Istituti tecnici: quel che gli aspiranti premier non sanno
Nel primo confronto televisivo tra i due aspiranti premier non poteva mancare una domanda sulla scuola e sul futuro della riforma Moratti.
Romano Prodi, dopo alcune dichiarazioni con le quali ha escluso l’azzeramento della riforma preferendo interventi correttivi, è intervenuto sul problema che forse gli sta più a cuore: il rilancio degli istituti tecnici.
Tra l’altro ha attribuito alla riforma Moratti l’attuale crisi dell’istruzione tecnica con conseguente fuga di iscrizioni e chiusura di istituti.
Nella replica, Silvio Berlusconi ha difeso la Moratti e la sua riforma, parlando bene dei licei tecnologici e lasciando cadere l’accusa di Prodi, secondo cui la fuga in atto sarebbe dovuta proprio alla legge di riforma.
Stupisce che entrambi non abbiano evidenziato (forse non sanno?) che la crisi degli istituti tecnici non è congiunturale, ma ha radici più profonde, di natura strutturale, le cui cause sono diverse, complesse e consolidate.
La crisi è in atto da almeno dieci anni ed è costante in tutto il territorio nazionale; una crisi iniziata prima della legge di riforma costituzionale del nuovo Titolo V (che attribuisce la competenza dell’istruzione e formazione professionale alle Regioni) e che precede le riforme Berlinguer e Moratti.

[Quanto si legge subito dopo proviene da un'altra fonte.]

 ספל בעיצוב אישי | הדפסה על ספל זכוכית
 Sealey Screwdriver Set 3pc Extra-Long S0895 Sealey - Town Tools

Nel 1995/96 si iscriveva al 1° anno degli istituti tecnici mediamente il 40,3% degli studenti; tre anni dopo gli iscritti erano scesi sotto il 39%; nel 2000-01 erano al 37,5%.
Un decremento di iscritti continuato inesorabilmente negli anni successivi per arrivare nel 2005/06 al 33,6%. E i primi dati ufficiosi per le iscrizioni al prossimo anno scolastico confermano l’ulteriore calo di iscritti agli istituti tecnici.
Per rilanciare l’istruzione tecnica il prossimo Governo dovrà fare i conti anche con le cause che hanno generato il calo strutturale di iscrizioni.